The Ottoman Empire was established by the Kayı tribe of Oghuz Turks in western Anatolia and was ruled by the Ottoman Dynasty, the descendants of those Turks. It was founded by Osman I (1299-1326) (Arabic: عُثمَان ʿUthmān; hence the name Ottoman Empire). In 1453, following the capture of Constantinople (modern İstanbul) from the Byzantine Empire, the city became the new capital of the Ottoman Empire, under the name Kostantiniyye (قسطنطنيه), with variations on the name soon cropping up: (در سعادت Dersaadet, در عاليه Derâliye, پایتخت Pâyitaht[2]). Islambol, meaning "full of Islam" and under which the Turks had known the city since the 11th century, was another variation on the name "Istanbul".

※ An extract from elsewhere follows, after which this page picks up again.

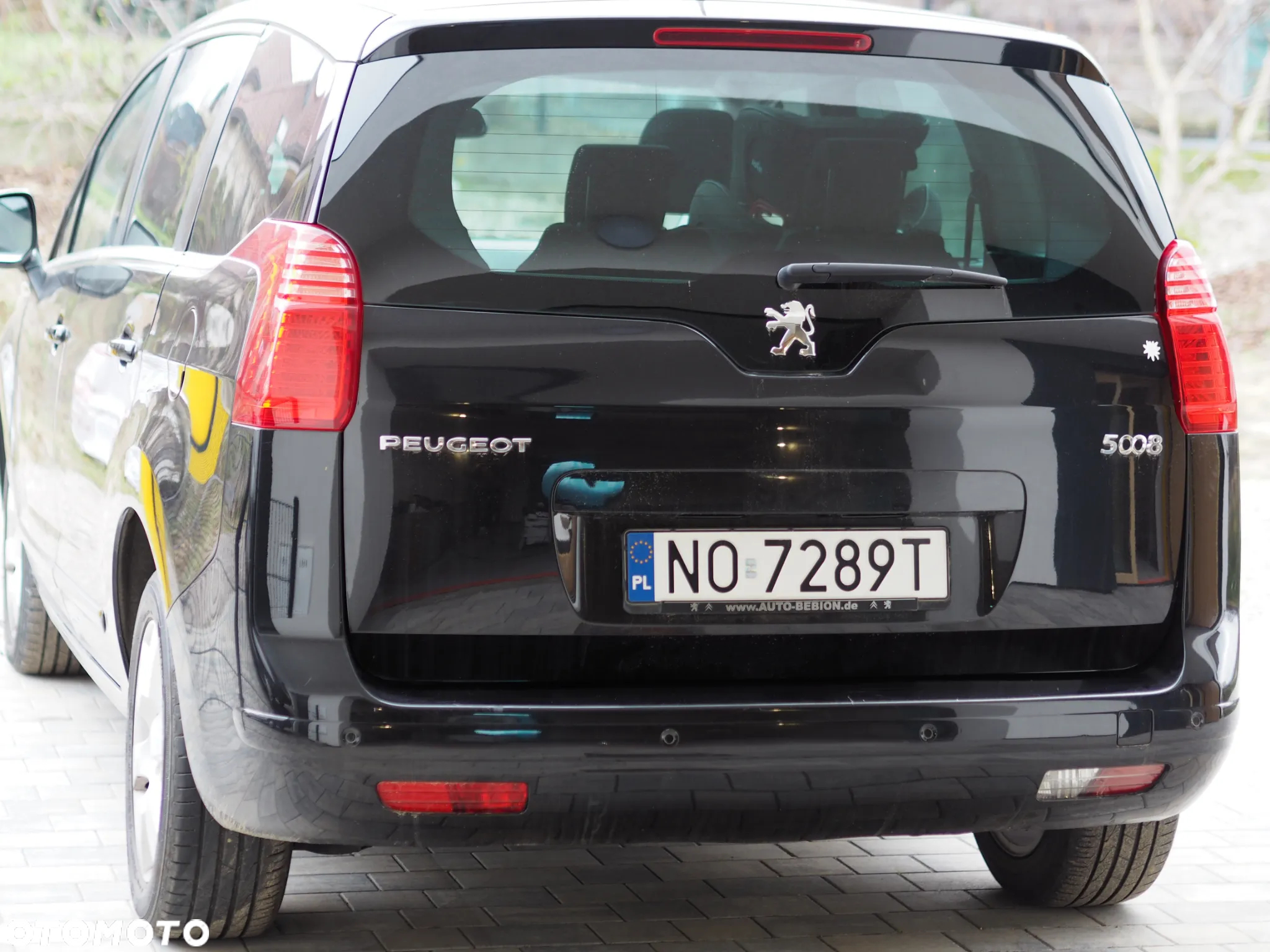Peugeot 5008 1.6 THP Active - 28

In the 16th and 17th centuries, the Ottoman Empire was among the world's most powerful political entities, with the powers of eastern Europe constantly threatened by its steady advance through the Balkans and the southern part of the Polish-Lithuanian Commonwealth. Its navy was also a powerful force in the Mediterranean. On several occasions, the Ottoman army invaded central Europe, laying siege to Vienna in 1529 and again in 1683 in an attempt to conquer the Habsburg domain, and was only finally repulsed by great coalitions of European powers at sea and on land. It was the only non-European power to seriously challenge the rising power of the West between the 15th and 20th centuries, to such an extent that it became an integral part of European balance of power politics.

The dissolution of the empire was a direct consequence of World War I, when the Allied Powers defeated the Central Powers in Europe as well as the Ottoman forces in the Middle East. At the end of the war, the Ottoman government collapsed and the empire was conquered and divided among the victorious powers. Subsequent years saw the declaration of new states from the remnants of the Ottoman Empire, whose central lands became the Republic of Turkey. The members of the ruling Osmanlı family were subsequently exiled from Turkey in 1923 and 1924 for political reasons. In 1974, after 50 years, the Turkish Parliament granted the right to re-acquire Turkish citizenship for the family descendants, which they all did in the following decades in a process completed by the citizenship of the head of the family, Ertuğrul Osman V in 2004.